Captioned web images
◇ ◇ ◇ ◇ ◇
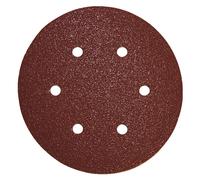 10 Disques abrasifs Diam. 150 mm auto-agrippant 6 trous bois/métal - MAKITA - P-37524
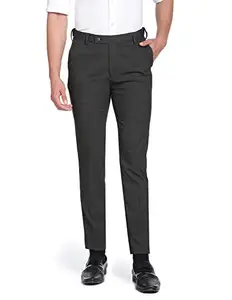 Arrow Dobby Autoflex Formal Trousers Dark Grey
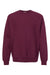 Independent Trading Co. IND5000C Mens Legend Crewneck Sweatshirt Maroon Flat Front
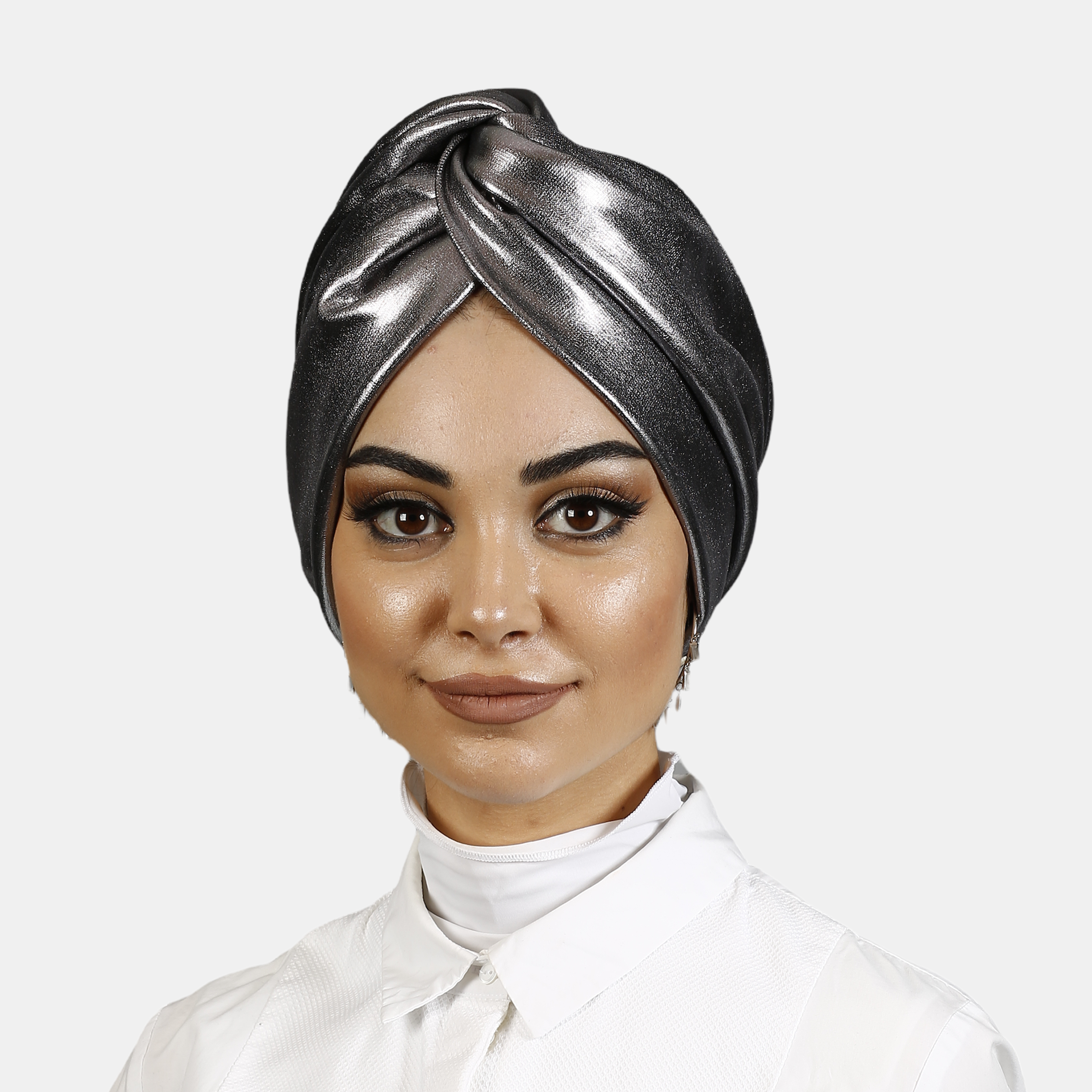 Barcelona Burgulu Bone - Metalik Vegan Deri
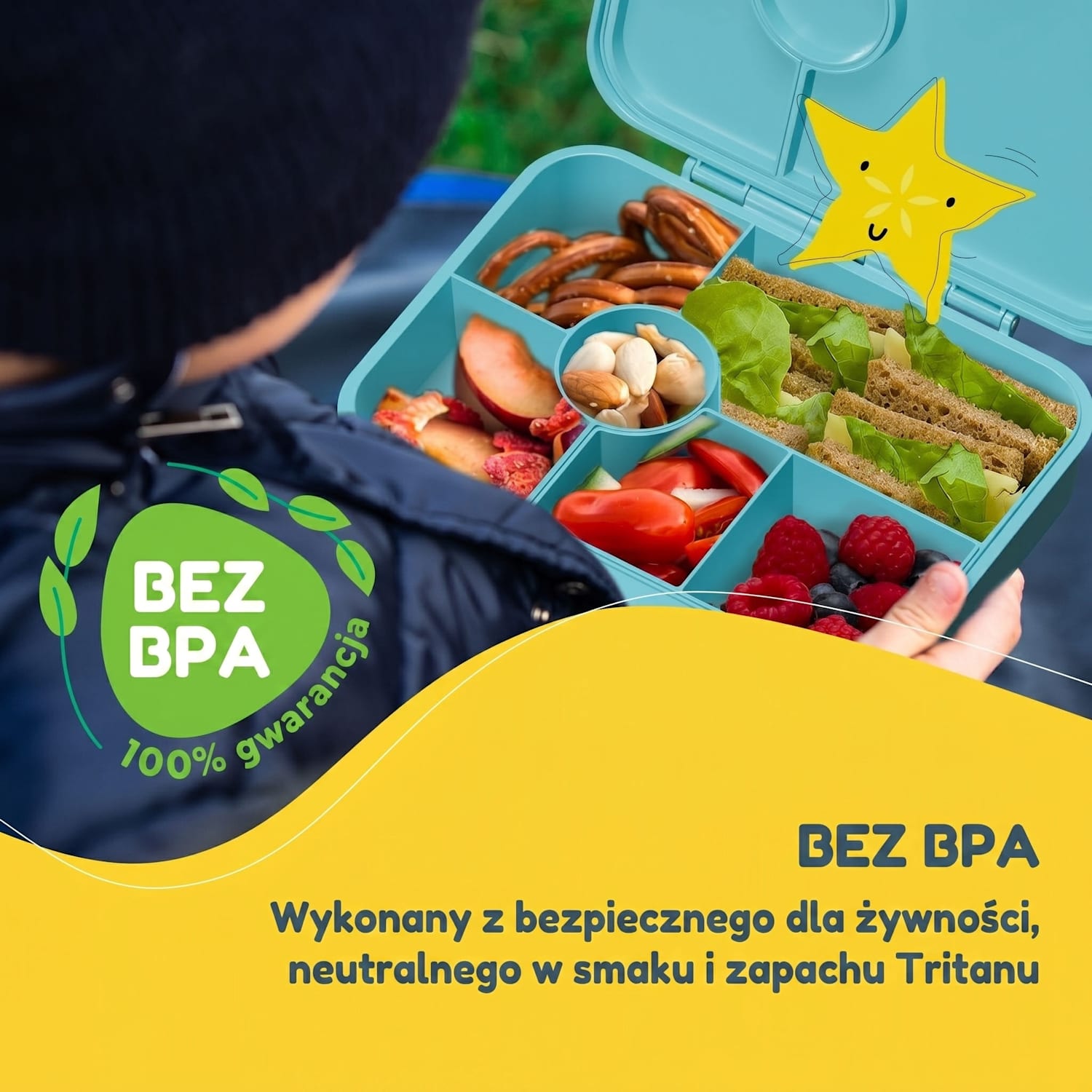 Schmatzfatz śniadaniówka z 6 komorami Petrol Sea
◇ ◇ ◇ ◇ ◇
Exercise prompt >> Exclude every picture, then return precisely the lines that run from the line containing "Arrow Dobby Autoflex" through the end of the entries above.

Response box >>
 Arrow Dobby Autoflex Formal Trousers Dark Grey
 Independent Trading Co. IND5000C Mens Legend Crewneck Sweatshirt Maroon Flat Front
 Barcelona Burgulu Bone - Metalik Vegan Deri
 Schmatzfatz śniadaniówka z 6 komorami Petrol Sea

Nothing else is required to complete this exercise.